--- Supplied material Enclosed Below ---

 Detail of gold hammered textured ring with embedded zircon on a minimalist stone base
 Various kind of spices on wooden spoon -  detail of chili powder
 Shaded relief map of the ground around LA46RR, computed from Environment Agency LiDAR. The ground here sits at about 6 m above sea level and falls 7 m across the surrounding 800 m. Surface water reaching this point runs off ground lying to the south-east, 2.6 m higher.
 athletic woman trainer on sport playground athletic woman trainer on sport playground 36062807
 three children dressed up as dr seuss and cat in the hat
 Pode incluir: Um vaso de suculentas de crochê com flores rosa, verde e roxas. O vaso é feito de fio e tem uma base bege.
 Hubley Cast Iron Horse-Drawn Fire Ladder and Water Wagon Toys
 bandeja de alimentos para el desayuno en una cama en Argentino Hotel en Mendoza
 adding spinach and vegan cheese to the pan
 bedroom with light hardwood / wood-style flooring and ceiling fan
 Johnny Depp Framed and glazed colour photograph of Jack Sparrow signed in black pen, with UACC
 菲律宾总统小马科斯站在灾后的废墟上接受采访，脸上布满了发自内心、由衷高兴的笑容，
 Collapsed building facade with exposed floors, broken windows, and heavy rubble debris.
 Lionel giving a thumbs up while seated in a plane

--- End of Enclosed Supplied material ---

# Work required
Go to the line in the listing above that has "Johnny Depp Framed" in it. Set down that line and each one after it, exactly.

# Response
 Johnny Depp Framed and glazed colour photograph of Jack Sparrow signed in black pen, with UACC
 菲律宾总统小马科斯站在灾后的废墟上接受采访，脸上布满了发自内心、由衷高兴的笑容，
 Collapsed building facade with exposed floors, broken windows, and heavy rubble debris.
 Lionel giving a thumbs up while seated in a plane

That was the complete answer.